Nether Earth is a real-time strategy video game released for the Amstrad CPC, ZX Spectrum, and Commodore 64 in 1987. It was published in the United Kingdom by Argus Press Software and re-released in Spain by Mind Games Espana S.A.

==Plot==
The player takes the control of the human side in a war against the mysterious Insignian race. All of the warfare is carried out by enormous military robots.

==Gameplay==
The player controls a flying machine which can fly over any part of the play-area and is used to command the player's bases and robots. In essence it replaces a mouse cursor, but it can hinder the robots' movement. The player must build robots and give them orders to seek out and attack Insignian robots and capture neutral or enemy factories to increase production and thus aid the war effort. Once a robot is issued an order it will keep being active until all its targets have been conquered or destroyed, the robot itself is destroyed, or other orders are received. The ultimate objective is to capture or destroy all the enemy bases and thus win the war. Everything takes place in real-time with the action being ongoing rather than turn-based. Because the player's view of the battlefield is limited to where their flying-machine is, much of the front-line fighting is left to the machines whilst the player concentrates on building more robots. However the player can choose to take direct control over one of his/her robots and effectively use it in a commando style to capture factories and bases and to destroy enemy robots. The game is displayed in forced-perspective isometric graphics.

Building robots takes place at the player bases (called warbases) and consists in the player selecting a number of modules that robots will be built from. Modules can be categorized in 4 types: locomotion, weapons, nuclear bombs and electronics. There are 3 types of locomotion modules (Bipod, Tracks and Anti-Grav) and 3 types of weapon modules (Cannon, Missiles and Phasers). The modules' efficiency increases in the specified order, with the Anti-Grav (anti-gravity) module enabling robots to pass over uneven terrain at maximum speed. One locomotion module and at least one weapons module must be added to every robot, but robots can be built with all 3 weapon modules as well. Adding nuclear bombs and electronics modules is optional, however the electronics module enhances robots' pathfinding.
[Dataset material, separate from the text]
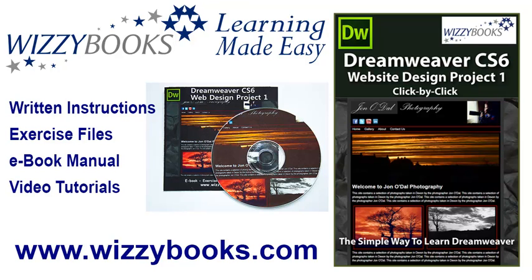Hello and welcome to our first Dreamweaver website design project. In this series you'll learn how to build a complete website from start to finish using Dreamweaver CS6.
Once the player captures factories, receiving resources begins without any other action required from the player or his/her units. Resource types largely correspond to the module types and consist of: Electronics, Nuclear, Phasers, Missile, Cannon, Chassis and General. Each factory produces only one type of resource, alongside General resources, indicated by a copy of the corresponding module on the top of the building, thus the player can concentrate on conquering only those factories that produce the resources he plans on using.

Award
| Publication | Award |
|---|---|
| Your Sinclair | YS Megagame |

==Legacy==
An open-source remake of Nether Earth was completed in 2004 and is available for Windows, Linux and OS X. Another remake is available for iOS.